Litigare col capo: fin dove si può spingere il dipendente? Cosa dice la legge
Criticare si può, offendere invece non è ammesso. A voler essere molto sintetici, si può riassumere così il confine che passa tra il diritto di critica riconosciuto dalla Costituzione e il reato di diffamazione. Il problema è che non sempre è chiaro dove finisce l’uno (il diritto di critica) e comincia l’altro (il reato).
Litigare col capo: fin dove si può spingere il dipendente? Cosa dice la legge
In generale, la critica, per potersi considerare permessa, deve essere moderata e non debordare in attacchi all’altrui decoro morale o professionale. Se per caso proviene da un dipendente, non può determinare pregiudizi economici al datore di lavoro.
Il tema è tanto più importante quanto più, oggi, si tende a usare i social media con una certa inconsapevolezza e faciloneria.
L’articolo uno dello Statuto dei Lavoratori ribadisce il principio per il quale i lavoratori hanno diritto di manifestare liberamente il proprio pensiero, nel rispetto dei principi della Costituzione. Resta però l’obbligo di fedeltà del dipendente (articolo 2105 del Codice civile). Ciò vuol dire che l’esercizio del diritto di critica va incontro a dei limiti. Il primo è il doveroso rispetto dell’onore e della reputazione del datore di lavoro.
In particolare, il dipendente deve: da un lato rispettare la verità dei fatti e dall’altro usare un linguaggio pacato e moderato (la cosiddetta «continenza»).
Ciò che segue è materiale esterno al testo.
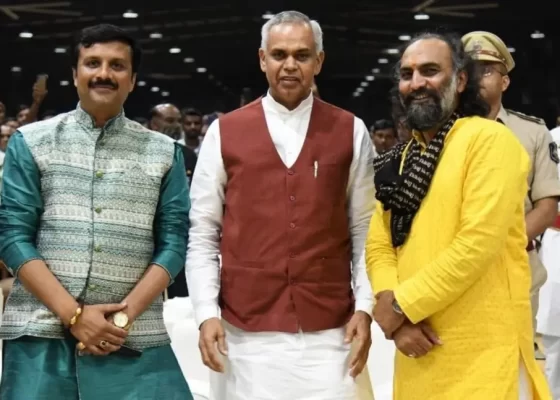 Sairam-Dave-with-Aacharya-Devvrat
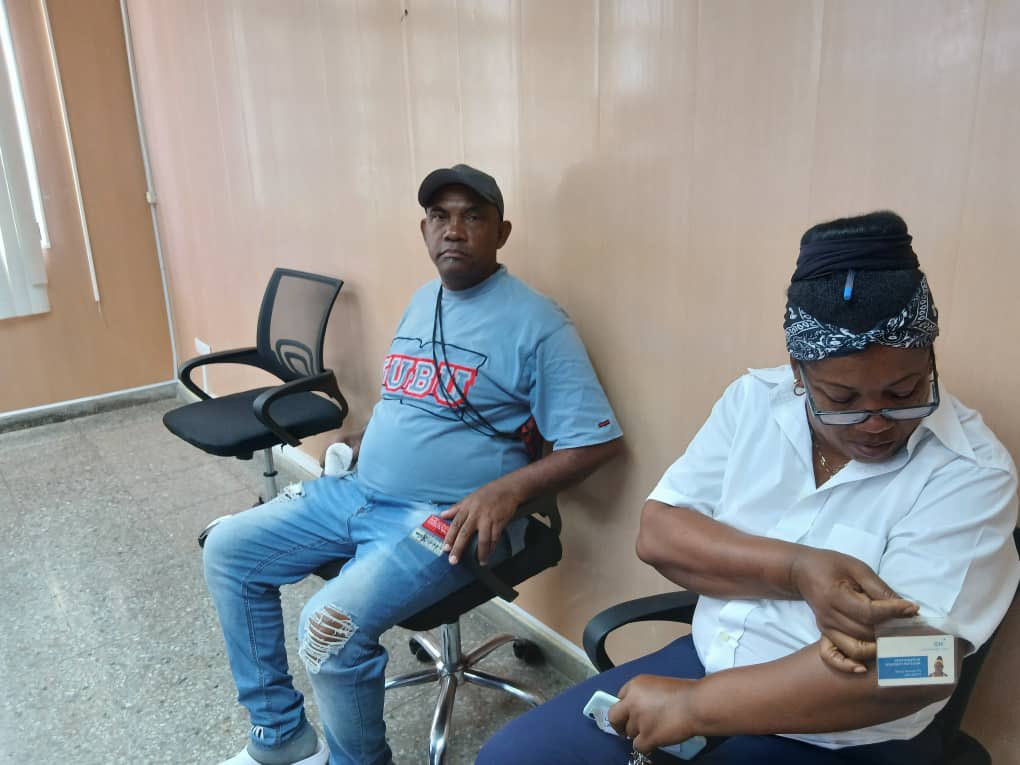 Con motivo del natalicio del comandante #Fidel, los trabajadores de la UEB Sueros y Hemoderivados llevaron a cabo una jornada de donación de sangre. #CienAñosConFidel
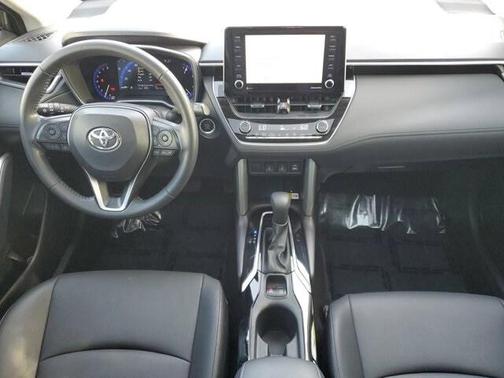 2022 Toyota Corolla Cross XLE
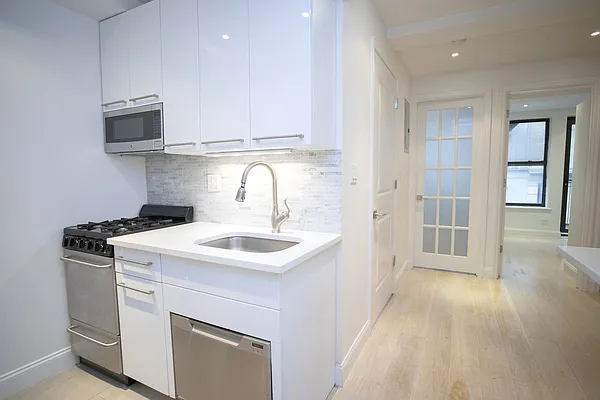 Rented by Corcoran | media 4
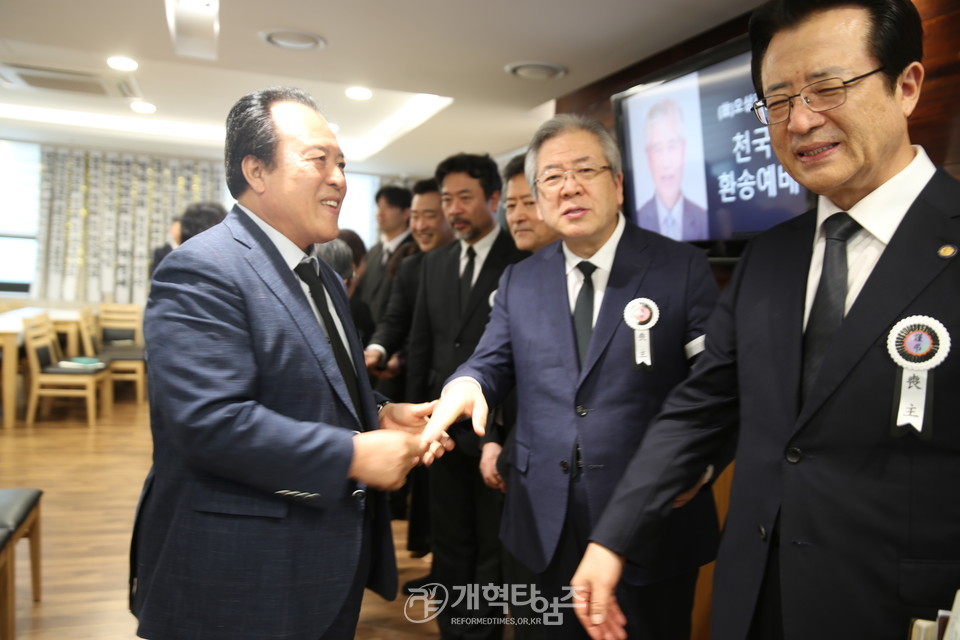 故 오상진 목사 천국환송예배 모습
Non osservare questi limiti può far sì che il lavoratore possa essere: licenziato per giusta causa e/o querelato per diffamazione.
Le critiche sui social
Per le critiche sui social valgono esattamente le stesse regole che abbiamo appena descritto; il fatto di trovarci in uno spazio virtuale non vale a rendere tali anche le eventuali offese arrecate al nostro datore di lavoro: il fatto di usare questo strumento invece di mezzi più tradizionali non cambia per nulla la sostanza delle cose, quindi fate parecchia attenzione.